06-10-2009.
Cuántas veces se ha dicho: «Ya está. Dimos con la clave. Estamos a dos pasos de desvelar la faz de Dios y su Inteligencia Creadora». Así ha sucedido con las grandes aventuras intelectuales de este último siglo: el Big-Ban, el teorema de la indecibilidad de Gödel, el ADN, las neurociencias, la relatividad, la teoría unitaria de campos, los quarks, los ordenadores inteligentes y luego, recíprocamente, el cerebro como ordenador biológico. Explicaciones, siempre y cada vez, falsamente últimas.
Y al retorno desilusionado de cada una de estas aventuras, redescubrimos el viejo fantasma de Spinoza que nos grita: deus sive Natura (‘Dios o la Naturaleza’).
Dios queda siempre ahí como objeto inalcanzable de una búsqueda sin fin. Y, para siempre, como complemento último de nuestra ignorancia.
Aceptemos la realidad.
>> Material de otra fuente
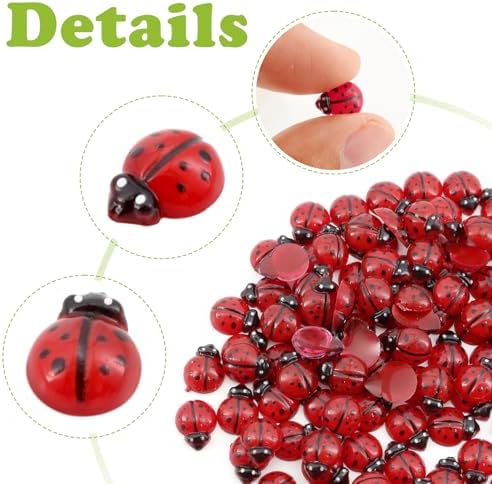 120 Pieces Mini Resin Ladybug, Luminous Tiny Ladybug Miniature Figurines for Fairy Garden Dollhouse Micro Landscape Decor, Micro Resin Animals Gifts for Birthday, Christmas, Party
Lo mismo que en el universo, estamos en un infinitésimo rincón perdido del sistema solar, que es otro rincón algo mayor, pero aún insignificante, que llamamos la Vía Láctea, perdida a su vez entre miles de millones de galaxias. Insignificantes somos y condenados a continuar siéndolo, aprisionados en el universo físico, exactamente como lo está nuestro cerebro en el océano inmenso de la Inteligencia del Mundo. Con nuestro saber y nuestra tecnología, lo más que podemos hacer, y hacemos, es desplazar unos milímetros las rejas de la prisión.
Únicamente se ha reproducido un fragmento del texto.